Should you do the hen model, I like to recommend making air fryer hen to maintain it easy!

It’s additionally best if you happen to make the pickled purple onions upfront; you’ll be able to substitute thinly sliced purple onion in a pinch (or use store-bought).

Mediterranean Tuna SaladMediterranean Tuna Salad

10. Mediterranean Tuna Salad

35g protein per serving

Don’t overlook the facility of a very good tuna salad for busy weeknights!
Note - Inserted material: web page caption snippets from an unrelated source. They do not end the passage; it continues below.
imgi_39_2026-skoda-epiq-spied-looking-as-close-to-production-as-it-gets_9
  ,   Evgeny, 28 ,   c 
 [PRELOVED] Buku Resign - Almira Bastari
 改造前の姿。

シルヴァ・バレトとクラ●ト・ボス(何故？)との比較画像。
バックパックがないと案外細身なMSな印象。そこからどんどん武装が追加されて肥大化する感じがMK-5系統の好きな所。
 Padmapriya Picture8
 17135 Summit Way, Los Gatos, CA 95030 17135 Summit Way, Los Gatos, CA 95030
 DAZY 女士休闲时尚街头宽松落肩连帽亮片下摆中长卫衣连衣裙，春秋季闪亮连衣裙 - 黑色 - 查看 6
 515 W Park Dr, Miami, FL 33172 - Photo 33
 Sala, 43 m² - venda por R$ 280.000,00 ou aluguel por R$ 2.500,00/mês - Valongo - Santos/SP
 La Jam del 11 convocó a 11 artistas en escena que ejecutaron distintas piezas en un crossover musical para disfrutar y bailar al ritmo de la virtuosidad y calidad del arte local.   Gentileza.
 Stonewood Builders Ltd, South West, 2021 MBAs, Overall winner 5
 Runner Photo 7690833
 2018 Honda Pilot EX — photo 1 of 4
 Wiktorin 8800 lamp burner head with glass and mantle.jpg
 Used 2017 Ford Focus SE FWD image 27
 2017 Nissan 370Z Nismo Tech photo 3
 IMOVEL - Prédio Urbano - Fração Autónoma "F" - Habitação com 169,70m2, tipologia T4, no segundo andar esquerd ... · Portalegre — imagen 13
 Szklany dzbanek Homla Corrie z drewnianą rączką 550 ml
This spin with no mayo, feta and recent herbs feels far more refined than the mayo-heavy variations. I prefer to serve it over greens with some crusty bread for a no-think “dinner.”

You may as well strive basic tuna salad (with Greek yogurt variations), avocado tuna salad, or dill pickle hen salad.

Sensible meal prep methods

I’ve realized that somewhat Sunday prep and even simply planning (I do know it’s exhausting!) makes these excessive protein dinners much more doable throughout the week. I typically cook dinner grains like rice and quinoa head or in batches. Having these elements prepared transforms a 30-minute recipe right into a 15-minute meeting job.

For the meatballs or air fryer hen, I generally double a batch and freeze half. There’s one thing so reassuring about realizing you’ve got a nutritious selfmade meal ready within the freezer.

Storage and planning ideas

Most of those excessive protein dinners preserve properly as leftovers for 3-4 days within the fridge. The rice bowls and noodle dishes are notably good for lunch the following day.

I prefer to plan two or three of those recipes per week, realizing I can depend on leftovers and easy backup meals like scrambled eggs or grilled cheese for the remaining nights. This takes the strain off attempting to create one thing particular each single night.